Description of the task → Give the records again. Keep them exact and leave out the images.

BEGIN Given entries

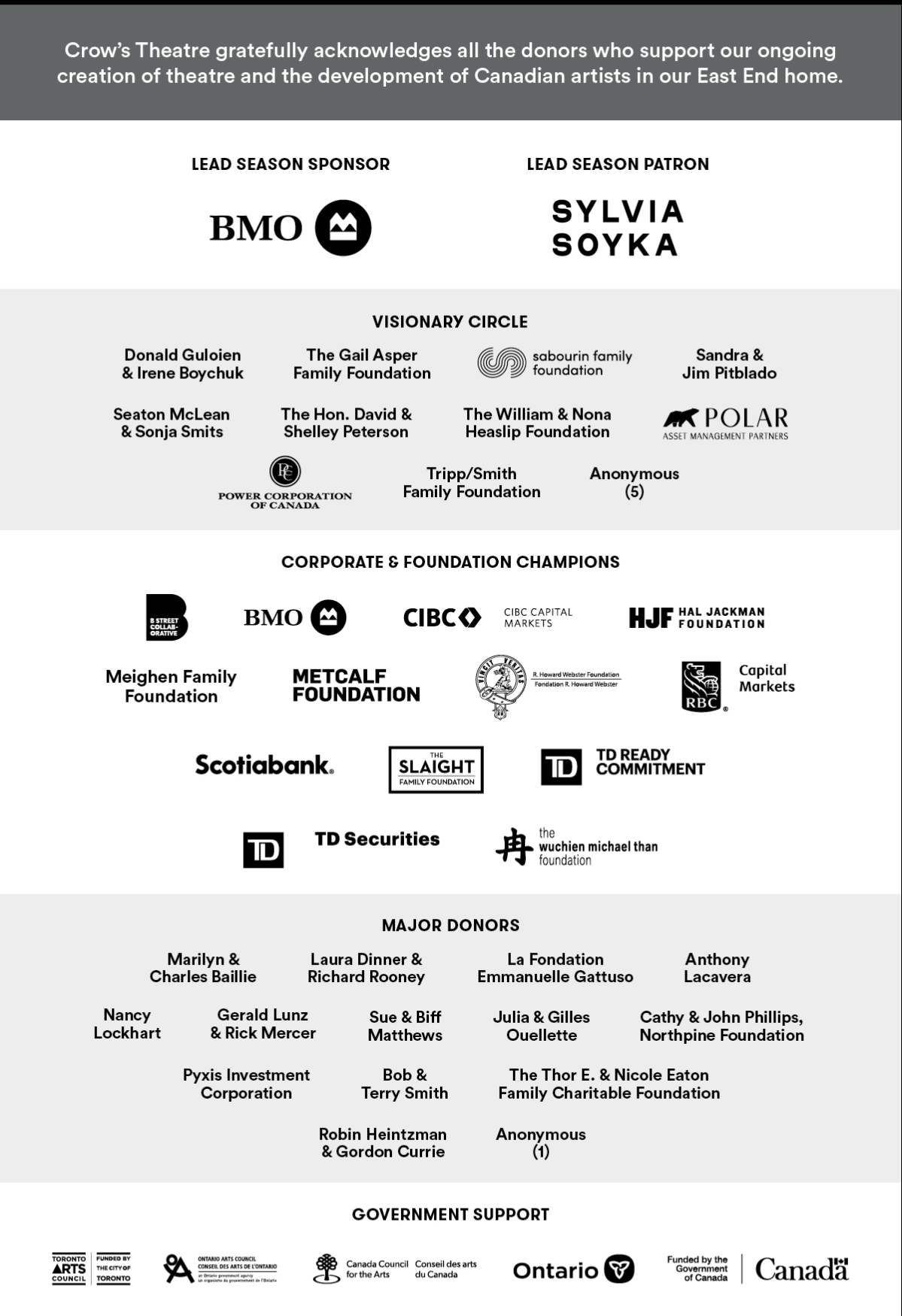 Crow's Theatre Acknowledgements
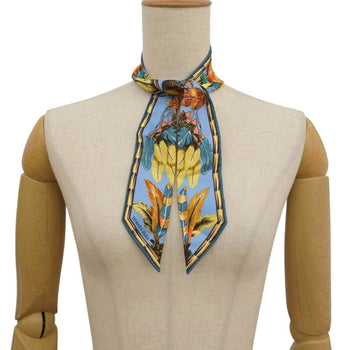 Hermes Twilly Scarf/Muffler Silk Blue Orange Brazilian Feather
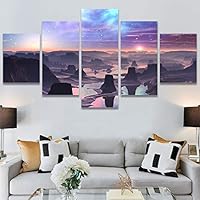 SIGNWIN 5 Panel Canvas Wall Art Modern Art Beach Dramatic Island Landscape Multicolor Photography for Home Decorations Ready to Hang - 60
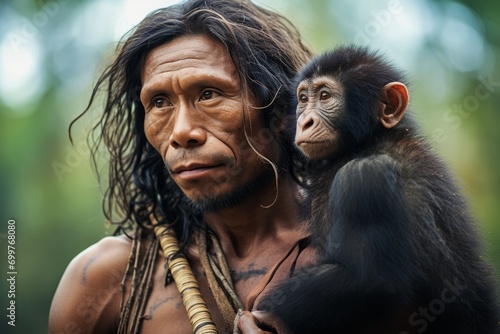 Amazonian Indian with a monkey photo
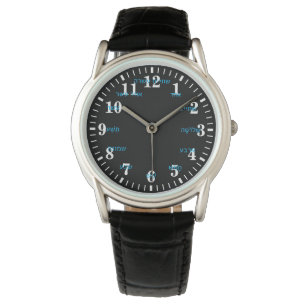 Hebräische Buchstabennummern Rundschau Armbanduhr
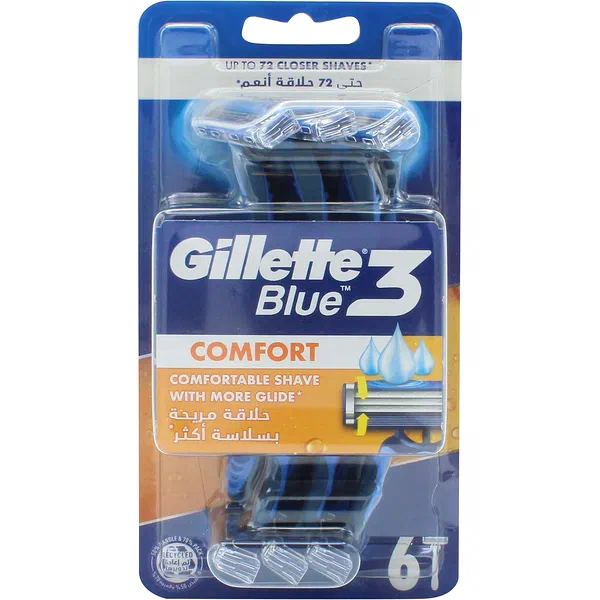GILLETTE BLUE III THREE-BLADED COMFORT RAZORS 6-PACK
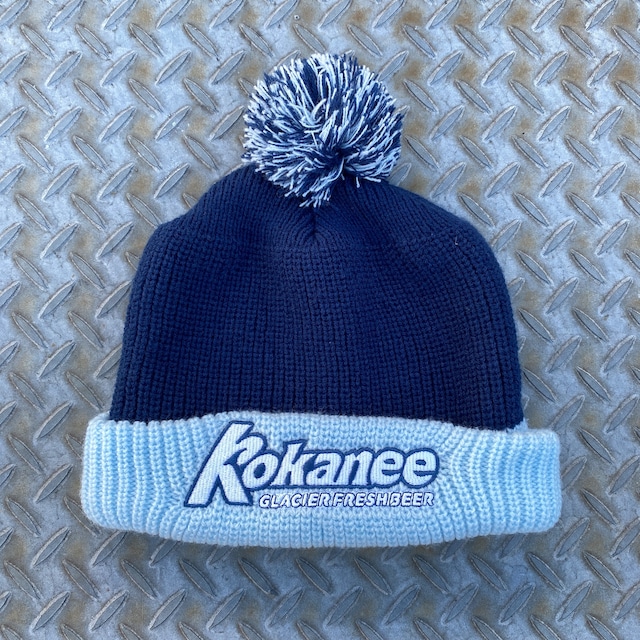 Kokanee Beer Pom Pom Knit Cap - NAVY / LIGHT BLUE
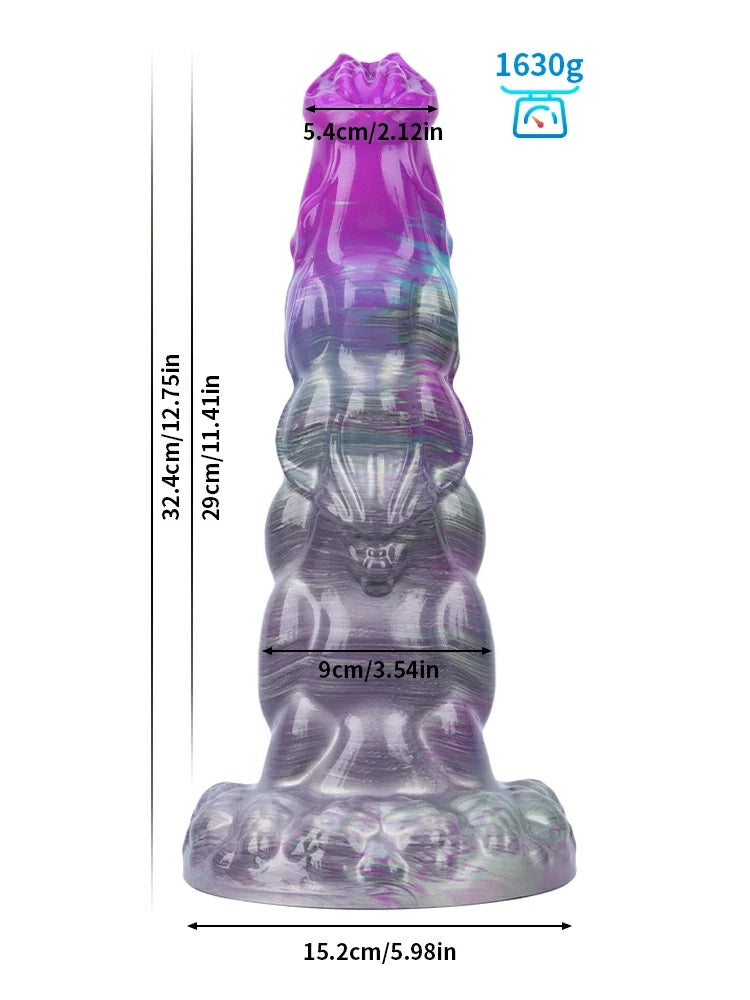 Walter Knotted Horse Dildo, Swollen Knots and Flared Crown, 4 Sizes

END Given entries

Written reply →
 Crow's Theatre Acknowledgements
 Hermes Twilly Scarf/Muffler Silk Blue Orange Brazilian Feather
 SIGNWIN 5 Panel Canvas Wall Art Modern Art Beach Dramatic Island Landscape Multicolor Photography for Home Decorations Ready to Hang - 60
 Amazonian Indian with a monkey photo
 Hebräische Buchstabennummern Rundschau Armbanduhr
GILLETTE BLUE III THREE-BLADED COMFORT RAZORS 6-PACK
 Kokanee Beer Pom Pom Knit Cap - NAVY / LIGHT BLUE
 Walter Knotted Horse Dildo, Swollen Knots and Flared Crown, 4 Sizes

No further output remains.